The Indian government is concerned about insurgent groups that operate along the 1,624-kilometre shared border, much of which is porous, and has stepped up coordinated patrols with the Tatmadaw. India has also invited the Tatmadaw to participate in joint military training and drills.
Sources say the Modi government is keen to further expand military cooperation and to provide more equipment to Myanmar to counter Chinese strategic inroads into the country.
Modi’s government wants to increase economic cooperation with Myanmar so as to leverage its economy and boost economic ties.
There is much room for growth. India is one of Myanmar’s smaller trading partners, while its historical rival China is one of the biggest. In 2014-15, India accounted for just 8.1 percent of Myanmar’s exports and China, 41.3 percent, official figures show. Imports from India were 4.9 percent, and from China, 38.6 percent.
China is the biggest investor in Myanmar, accounting for 26.36 percent of FDI since 1988 – about 25 times that of India, at 1.02 percent.
Myanmar’s major export to India is beans and pulses. Recently, the Indian government placed restrictions on imports of pigeon pea, green gram and black gram in an effort to prop up prices for domestic producers. This has caused concern in Myanmar, particularly considering the likely impact on farmers.

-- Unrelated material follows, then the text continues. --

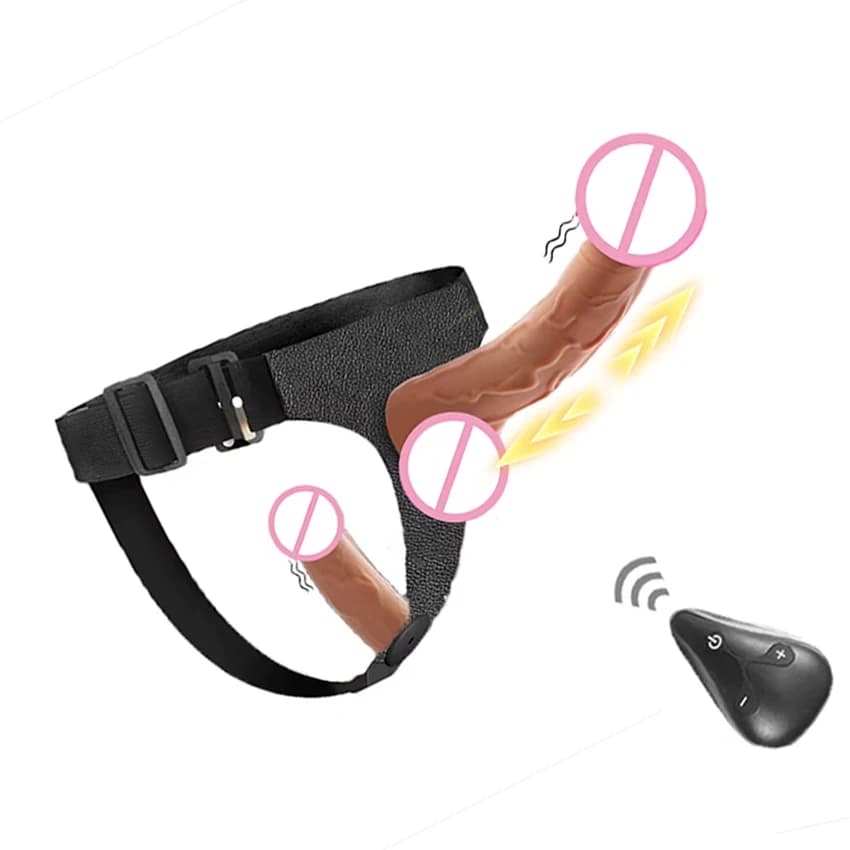 Spinta realistici doppi vibratori dildo per imbracatura bondage lesbica su giocattoli del sesso per le donne prodotti del sesso per adulti lesbiche 18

It appears to be just a temporary blip in economic relations. In a joint statement issued during Modi’s visit, the two countries said they “emphasised the need to improve market access by removing all trade barriers with a view to facilitate trade”. This suggests that India will soon remove the restrictions on bean imports.
‘Act East’ policy
The ‘Act East’ policy embraced by Modi’s government is a more pro-active version of the ‘Look East’ policy unveiled by New Delhi in 1991 to strengthen ties with ASEAN members and serve as a counterweight to China’s influence in the region.

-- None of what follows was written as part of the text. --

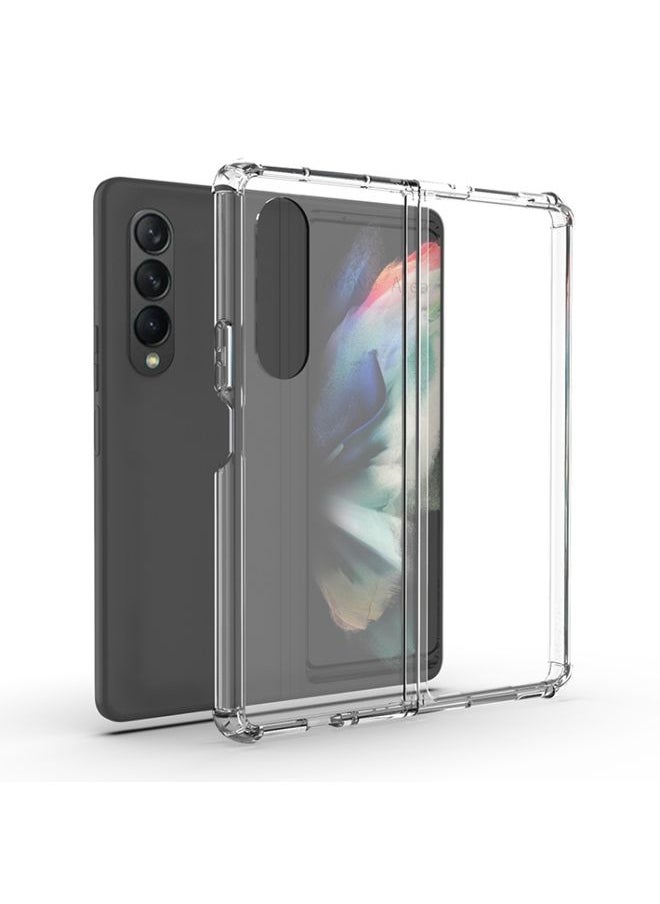Generic Case Cover For Samsung Galaxy Z Fold3 5G Shockproof Acrylic Folding Protective Case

As part of its ‘Act East’ strategy, India plans to invite the leaders of the 10 ASEAN countries to New Delhi next year to attend a parade and celebrations marking Republic Day, on January 26.
India also hosted the joint study group of the Bangladesh-China-India-Myanmar Economic Corridor (BCIM) for its third meeting in Kolkata in April. The head of the Myanmar delegation, U Win Lwin – the chief engineer in the Ministry of Construction’s Department of Highways – said at the meeting that the corridor would boost trade by opening land-locked areas. Myanmar will host the next JSG meeting in 2018.

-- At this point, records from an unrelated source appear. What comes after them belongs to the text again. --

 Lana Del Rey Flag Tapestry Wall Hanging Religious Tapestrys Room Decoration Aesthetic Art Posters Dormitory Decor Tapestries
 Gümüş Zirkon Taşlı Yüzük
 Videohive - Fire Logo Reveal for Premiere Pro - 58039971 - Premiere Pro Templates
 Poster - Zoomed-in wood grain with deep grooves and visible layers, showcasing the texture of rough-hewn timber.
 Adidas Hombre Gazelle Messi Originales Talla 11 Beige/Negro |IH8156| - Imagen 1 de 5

Ms Preeti Saran, secretary of India’s Ministry of External Relations, further underlined New Delhi’s commitment to “Act East” when she told journalists from the 10 ASEAN countries on July 3 that it was keen to increase ties through trade and cultural exchanges.
At the Delhi Dialogue on July 4, Minister for the State Counsellor’s Office U Kyaw Tint Swe said Myanmar would fully cooperate with India on security and combatting terrorism.
During Min Aung Hlaing’s visit, Modi emphasised that Myanmar was a “key pillar” of the “Act East” policy. The comment showed that India wants to implement the policy by allying with Myanmar.
India has been working to build closer ties with Myanmar since 2012 when Mr Manmohan Singh became the first prime minister to visit its neighbour in 25 years.
President U Thein Sein had paved the way for the visit when he travelled to India to meet Singh in 2011. In October last year, Aung San Suy Kyi visited India and signed three key agreements.
During his recent visit, Modi said Myanmar was a “special” neighbour for a number of reasons, including linkages between religion and culture and for being “a land bridge that connects India with Southeast Asia”.
The visit was a major turning point in relations between India and Myanmar, and particularly for the Tatmadaw’s interest in countering China’s regional influence.
There may be several motivating factors for the blossoming relationship between India and Myanmar, but the major reason for both countries is to counterbalance China.